Zo stond er ook een vragenlijst in een werkboekje van onze wereldoriëntatiemethode. Weer even tussendoor, een prachtig woord voor de scrabble liefhebber. Mijn klaskinderen moesten nadenken over hun eigen talenten, over het beroep dat hun papa of mama deed. Met deze lijst konden ze achteraf nadenken over hun eigen droomjob. Natuurlijk is dat nog héél erg ver van hun bed, maar erover nadenken is wel ok. Je hoort in interviews, vaak van artiesten en topsporters, dat ze als kind al droomden van hetgeen ze het liefst wilden worden: topvoetballer, topartiest, zanger of zangeres, sportpaleisvullers. Maar ook gedreven koks, schrijnwerkers of boswachter of verpleegster in een bejaardentehuis, zijn vaak begonnen met een kleine droompje. Dus als iemand in mijn klas al zin heeft in zo’n carrière voor de toekomst, zeg ik nooit ‘niet doen’. Ik beaam met daarbij te zeggen dat je groot mag dromen en dat je ervoor moet gaan. Hoe dan ook. Ook al is er maar een handjevol topclubs voor topspitsen, ook al zijn er minder bossen in de buurt, ook al gaat je stem nog een keertje veranderen, ook al… en vul maar aan met de geijkte excuses.
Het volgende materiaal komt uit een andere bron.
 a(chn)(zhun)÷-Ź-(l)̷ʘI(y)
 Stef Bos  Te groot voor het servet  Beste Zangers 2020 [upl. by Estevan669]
Zonder motivatie geraak je maar half zo ver.
Toen er een meisje aangaf dat ze het wel zag zitten om astronaute te worden, heb ik haar gezegd dat ze er zeker voor moest gaan. De glimlach die er toen verscheen, kon je het best vergelijken met de eerste lentezon na een lange koude winterperiode. Hartverwarmend.
Voila, zeg dat de meester het gezegd heeft.